What role does the audience play in the experience with sringara?

The individual spectator, the collective audience comes with preconditioned parameters that determine how each one receives an honest portrayal of sringara. Gender, age, cultural conditioning, and life experiences, all determine the response. Art is subjective and what is aesthetically acceptable to one is not always to another. We all know that the performer cannot please everyone. Does he or she cater to the lowest or highest common denominator? Does the dancer cater at all in any way? We dancers are actors who engage in role play on stage. In rati sringaram, this role play becomes more personal, as the act of love is not discussed openly, or performed in modern Indian society. What the dancer gives should be an honest representation that is not conditioned by one’s perception of the spectator’s reaction.
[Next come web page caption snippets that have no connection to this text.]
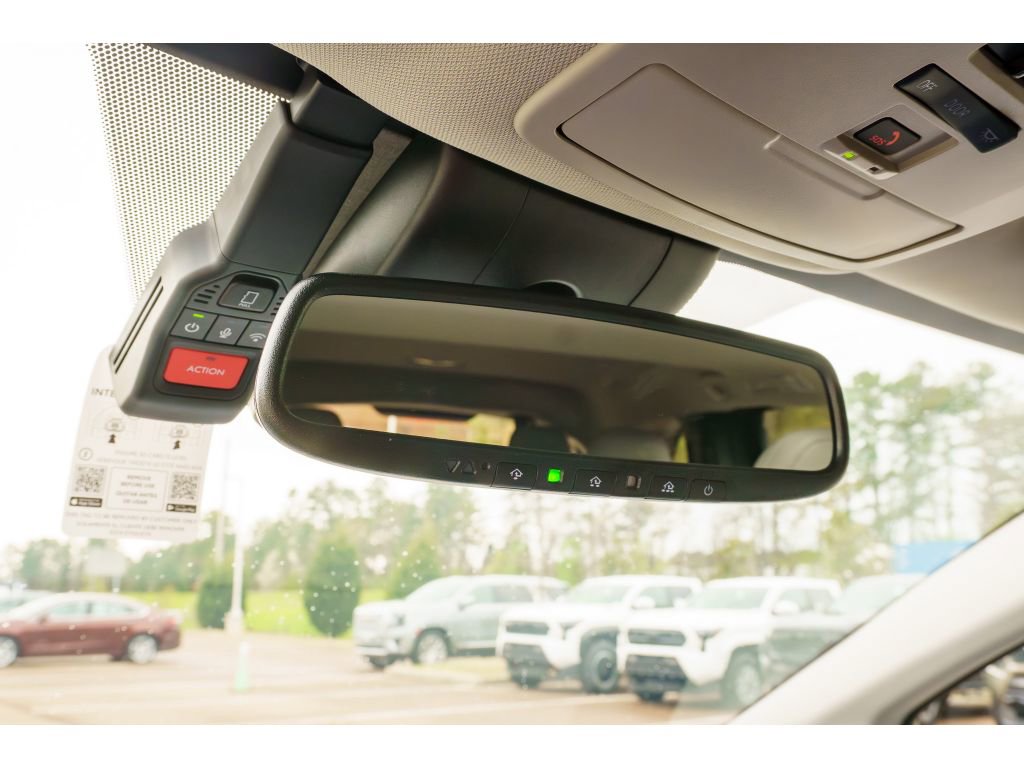 New 2026 Toyota Sienna XLE image 31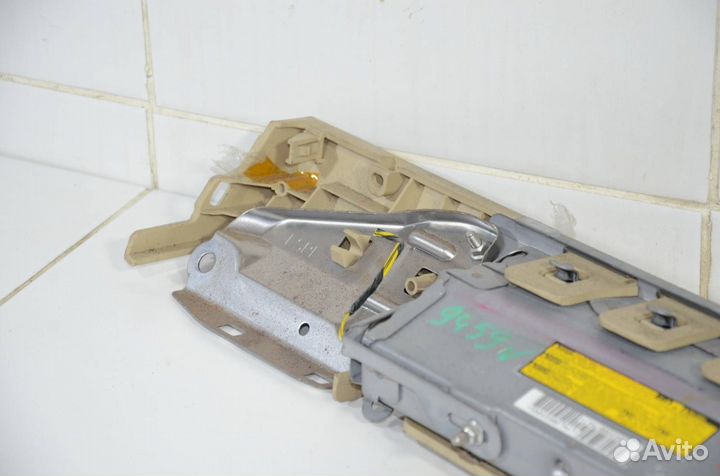 Подушка безопасности колен пассажира правая Lexus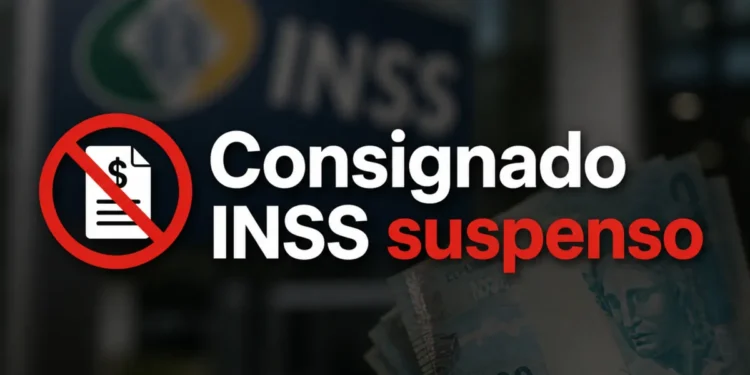 Aviso de suspensão do consignado INSS com notas de real ao fundo desfocado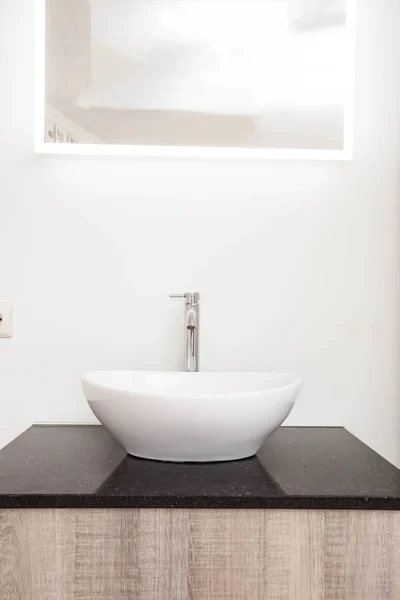 Badezimmer Innenraum mit stilvollem weißen Waschbecken leer sauber modern — Stockfoto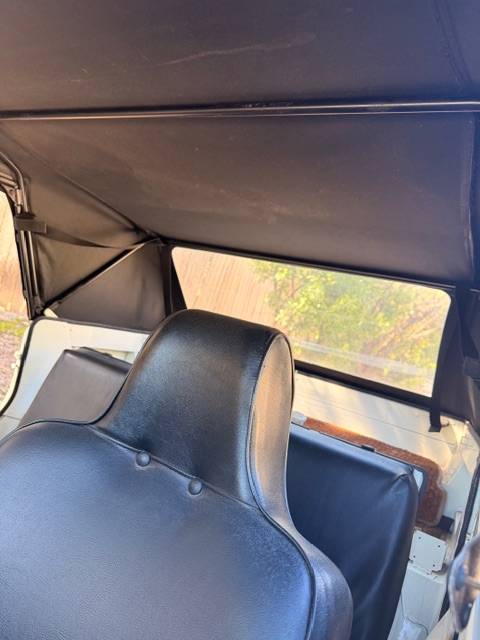 Volkswagen-thing-1973-white-18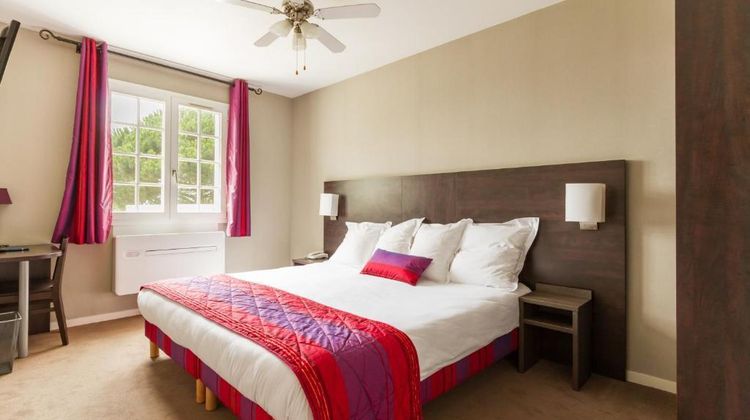 Hotel des Chateaux Room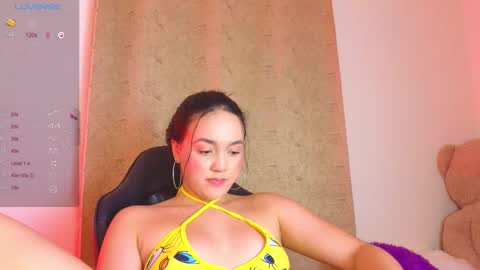 Snapshot of milly_01 chatting on January 8, 5:05 am Milly online show from January 8, 5:05 am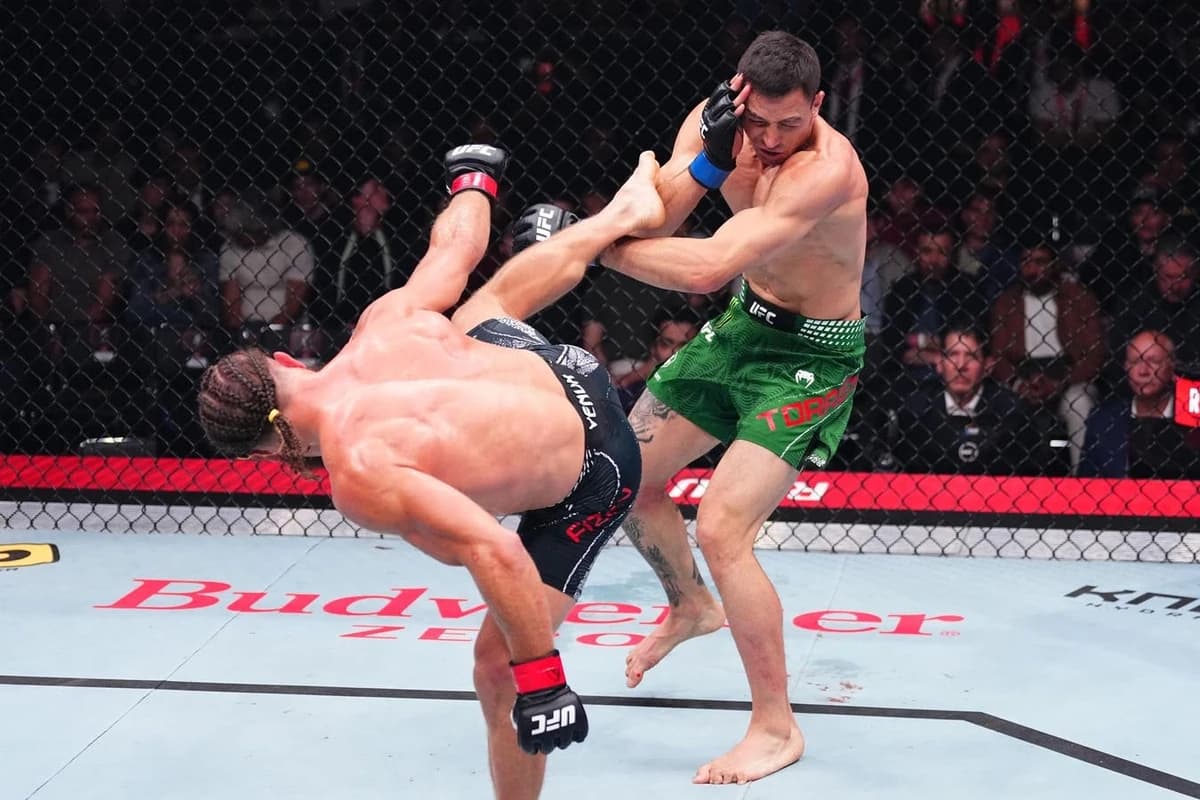 UFC Baku Results: 9 Crazy Finishes, 4 Performance Bonuses And Highlights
I perform to the audience, but the audience does not shift my compass for the character I am dancing. I am aware of the spectator’s gaze and receipt of what I present, but I do not allow it alter my awareness of the character I am dancing. My honesty in the characterisation stems from my intimate knowledge of her, based on my research and choreographic process. In other words, I know the character I am dancing in any composition best as she is painted by me.

Sharing this intimate knowledge with the audience requires courage as I place myself in all vulnerability before an unknown blend of minds. The spectator requires a certain sensitivity to receive and nurture such an honest portrayal. The joy of performing sringara in a sensitive, intelligent and aesthetic manner is to be shared and experienced by an equally sensitive, intelligent and aesthetically nurtured spectator. This sharing between performer and spectator creates rasa — the goal of our dance forms.

“In art as in love, instinct is enough”

– Anatole France (French poet and novelist)


In the art of presenting sringara, the performer and spectator must listen to instinct; must follow its music.



— Vidhya Subramanian is a well-known exponent of Bharatanatyam.